Figure 18. TKE of 6 cylinders at ignition timing under three cases.

Figure 19 compares the peak pressure and AD of peak pressure among the six cylinders under three cases. It is evident that with the improvement in mixture uniformity and distribution uniformity, the peak cylinder pressure of each cylinder increases. Of course, this may also be related to the reduction in EGR rates observed in case 2 and case 3. Meanwhile, it can be observed that cylinders 1, 3, and 5 exhibit higher peak pressures than those of cylinders 2, 4 and 6 under all three cases. As the mixture uniformity and distribution uniformity improve, the AD of the peak pressure decreases gradually, meaning that the peak cylinder pressure of each cylinder is closer to the average.

Figure 19. Comparison of peak pressure and AD of peak pressure.

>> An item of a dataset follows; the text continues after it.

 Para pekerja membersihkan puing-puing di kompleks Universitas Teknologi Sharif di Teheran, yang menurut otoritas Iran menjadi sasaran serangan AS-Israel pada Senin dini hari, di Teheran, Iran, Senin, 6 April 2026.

Figure 20 compares the ignition delay time and combustion duration under three cases. It is apparent that compared to case 1, the improvement in mixture uniformity of case 2 results in significant shortening of both the IDT and CD for each cylinder. Based on case 2, further enhancement in the distribution uniformity of case 3 leads to further shortened IDT and CD for each cylinder. However, the relative relationships of the combustion phases among all six cylinders remain unchanged for all three cases.

Figure 20. Comparison of ignition delay time and combustion duration.

Figure 21 compares the IMEP and AD of IMEP under three cases. It is observable that compared to case 1, the improvement in mixture uniformity in case 2 significantly increases the IMEP of each cylinder. Based on case 2, continued improvement in distribution uniformity results in a continued increase in the IMEP of each cylinder, and the variability among cylinders gradually improves. The AD of IMEP of all six cylinders decreases as uniformity improvement measures are applied.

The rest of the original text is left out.